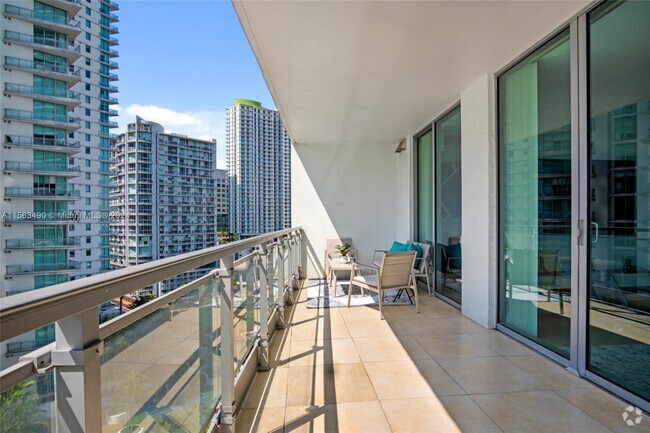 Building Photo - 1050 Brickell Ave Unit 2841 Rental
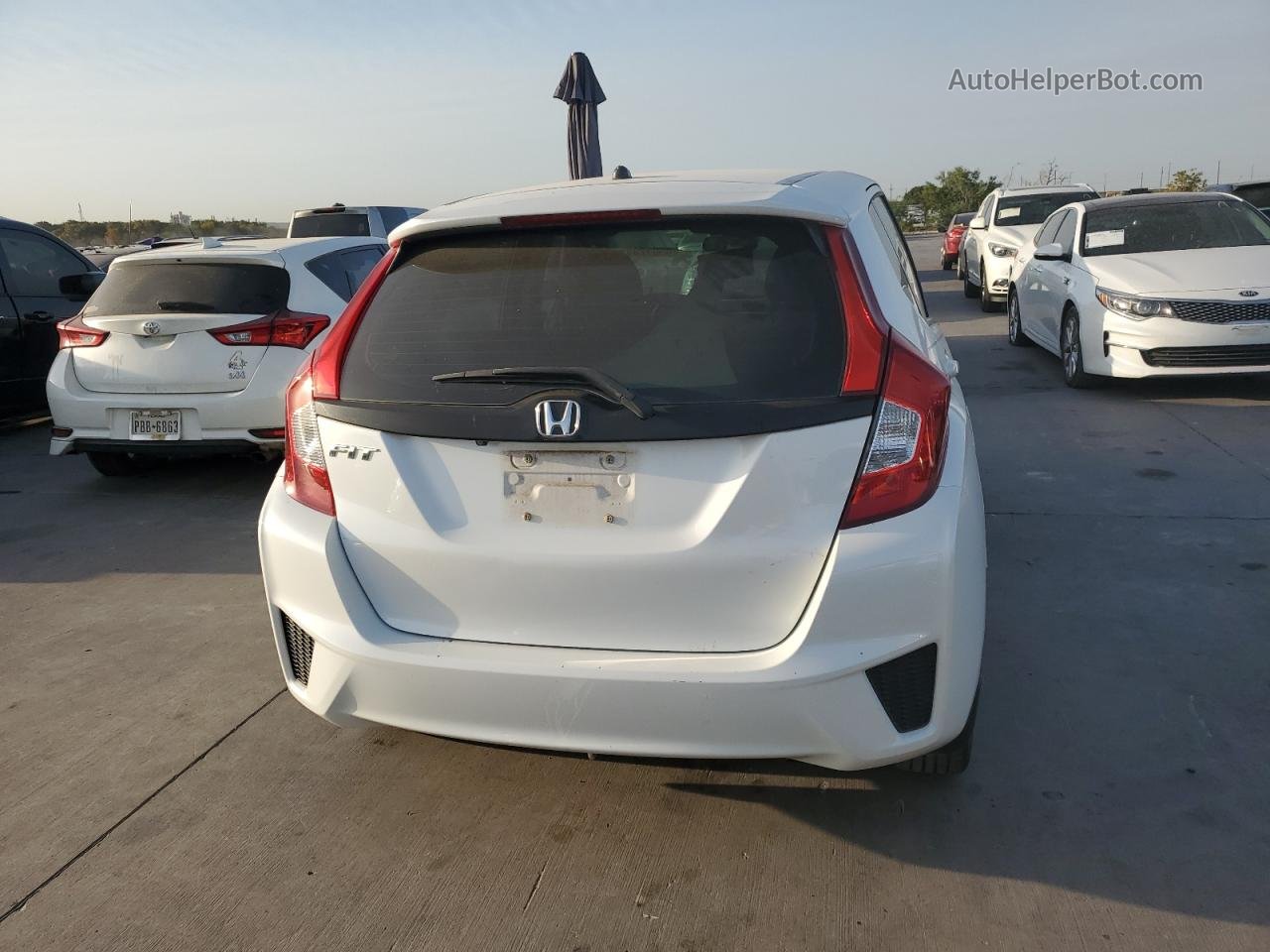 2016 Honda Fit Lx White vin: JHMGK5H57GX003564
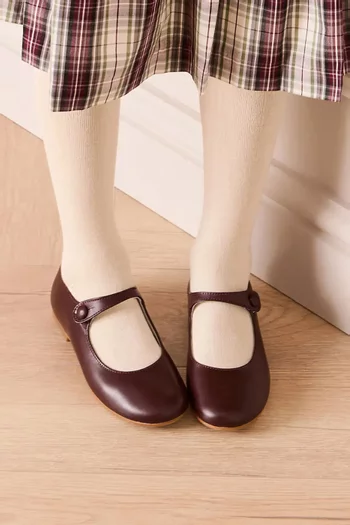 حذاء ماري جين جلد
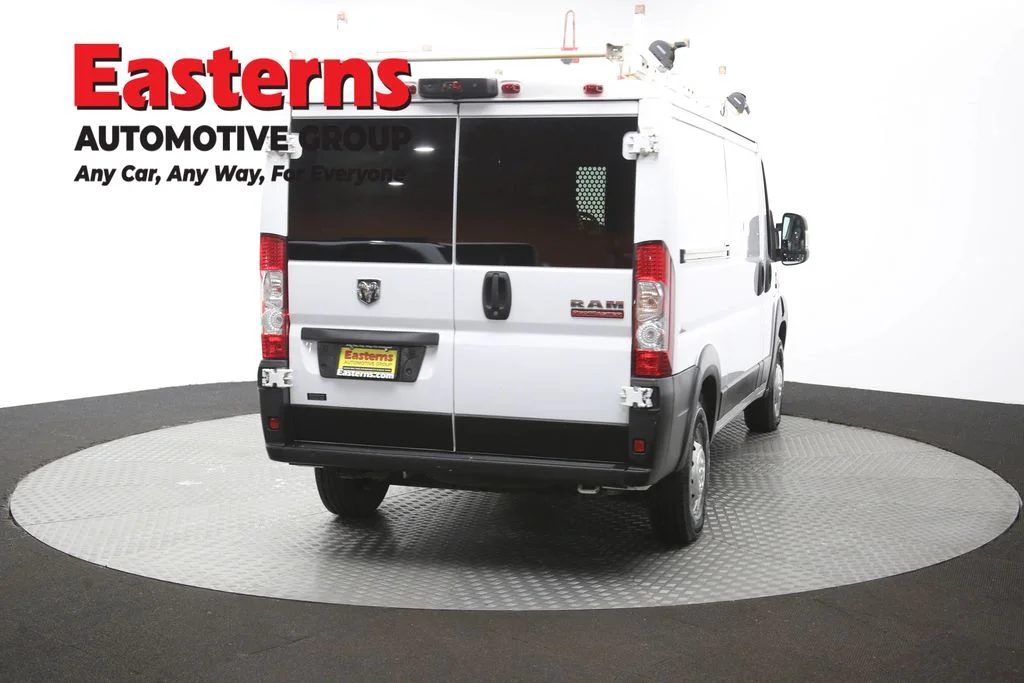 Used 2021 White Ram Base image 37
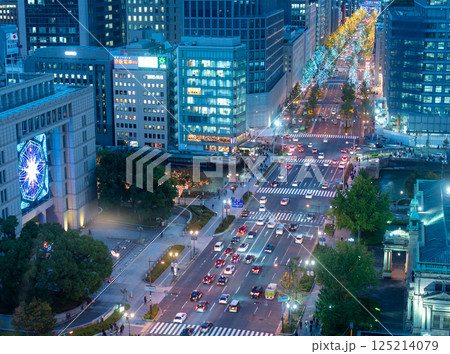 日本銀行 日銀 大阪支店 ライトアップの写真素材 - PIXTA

# # # # # # #

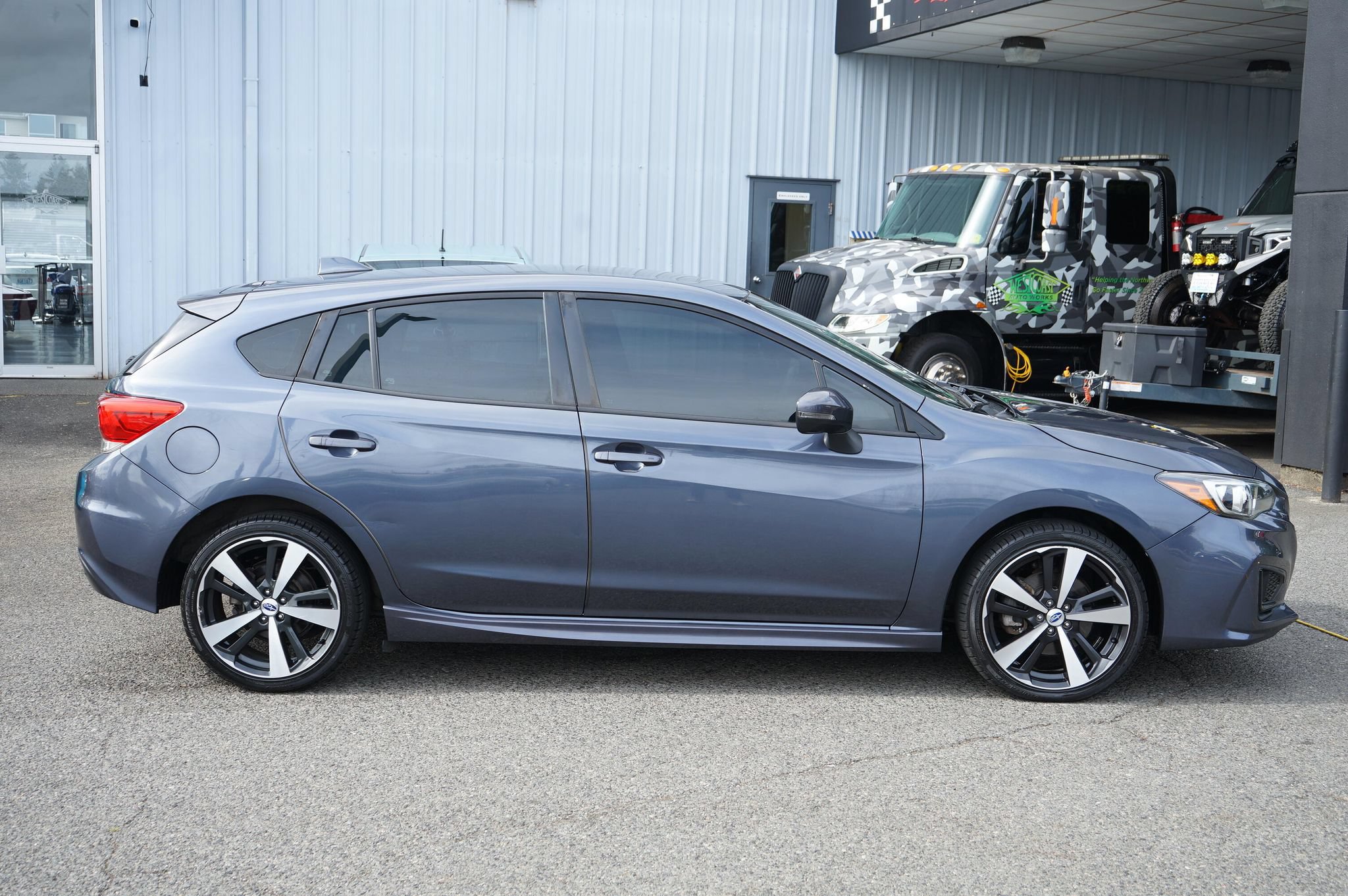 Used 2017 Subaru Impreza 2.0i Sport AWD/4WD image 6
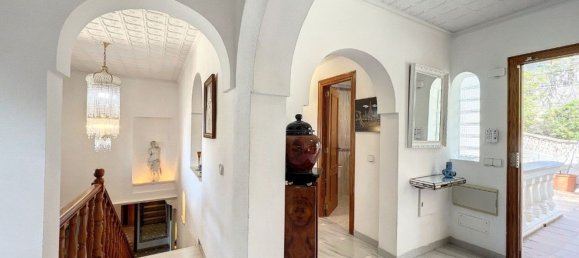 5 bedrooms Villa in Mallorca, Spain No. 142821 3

# # # # # # #

Task item
Within the listing above, find the line containing "Building Photo - 1050" and the line containing "日本銀行 日銀 大阪支店 ライトアップの写真素材 - PIXTA". Transcribe them and everything between them exactly, leaving out the pictures.

Task response
 Building Photo - 1050 Brickell Ave Unit 2841 Rental
 2016 Honda Fit Lx White vin: JHMGK5H57GX003564
 حذاء ماري جين جلد
 Used 2021 White Ram Base image 37
 日本銀行 日銀 大阪支店 ライトアップの写真素材 - PIXTA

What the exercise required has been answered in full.